Please note that this is really not an optimized example, it's to give you an idea of how you can potentially speed up your result building process by avoiding queries in loops. You still need to optimize for your use case, like in my example, based on how I'm getting the results built, I can remove the loop that builds the query1 dictionary since I don't reference it in the result building loop. But the concept will help to speed up the response time if you are using loops to query data (there's not enough info for me to know if you are or not since you only mentioned optimizing the DB with indexing, which won't help if you query inside a loop)

  1. You mentioned fetching data that comes from a 3rd-party provider, so those could either be thrown into threads to simultaneously fetch the data and your route can wait for all of them to finish. That should already speed up your response time if you have multiple requests in one route.

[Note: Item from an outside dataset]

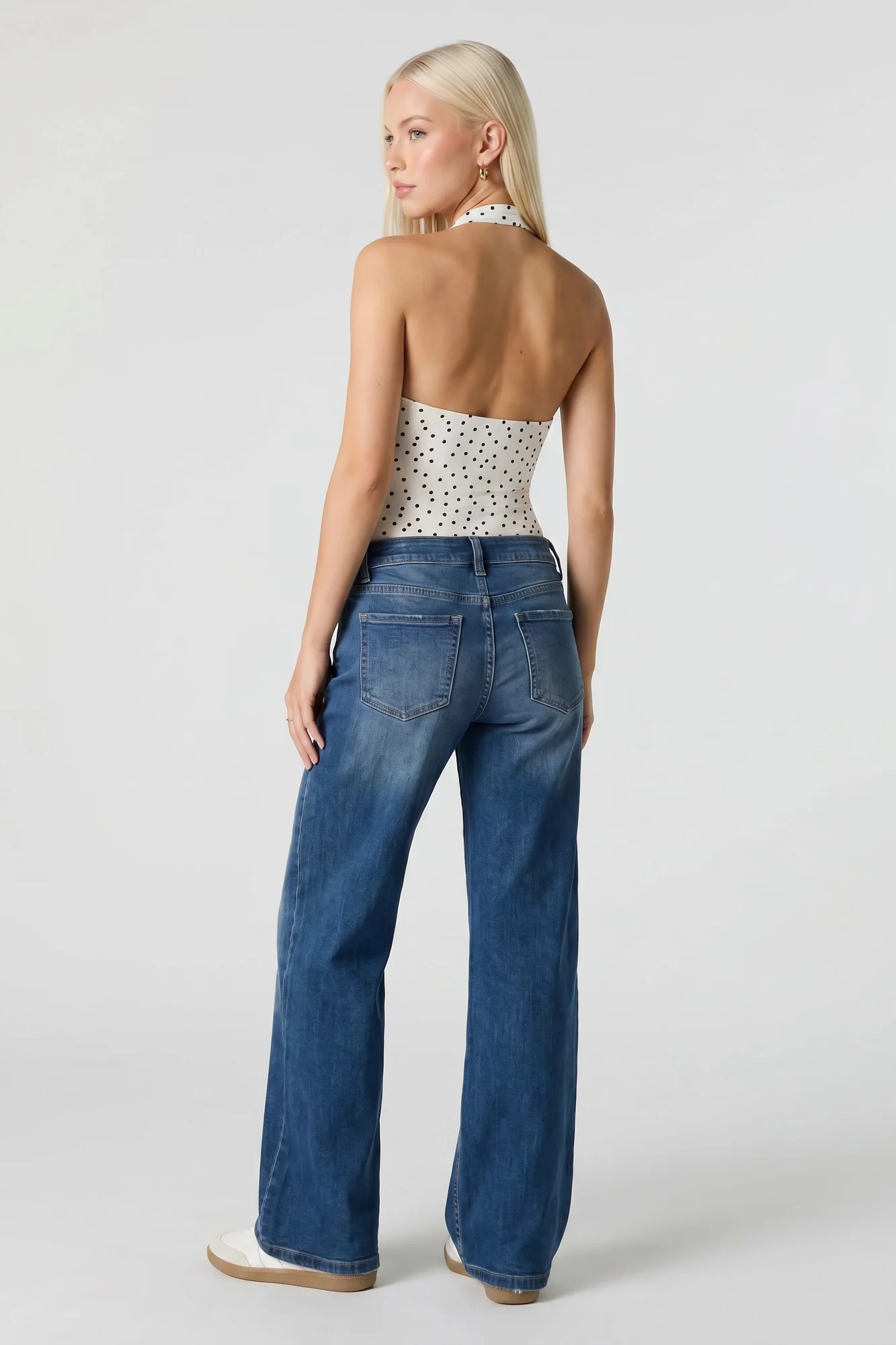 Contour Halter Bodysuit - Image 26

Otherwise you can see what processing can be offloaded to the client side by trying to perform the product requests on the client side using some JavaScript (I know you mention Python and Flask, but you likely have some amount of JS on your frontend pages anyways), and making the templates of your flask app smarter to accommodate data coming in on the fly. But this is dependent on how your data is supposed to be displayed on your front end.

BONUS:

  • Look at using something like nginx in combo with gunicorn to serve your flask app. gunicorn will take care of handling requests by offloading the requests to worker processes that are much faster than just running your flask app directly. Nginx will act as a proxy and load balancer.

Please do let me know if you've tried all of these and I'll see if I can help with some additional suggestions.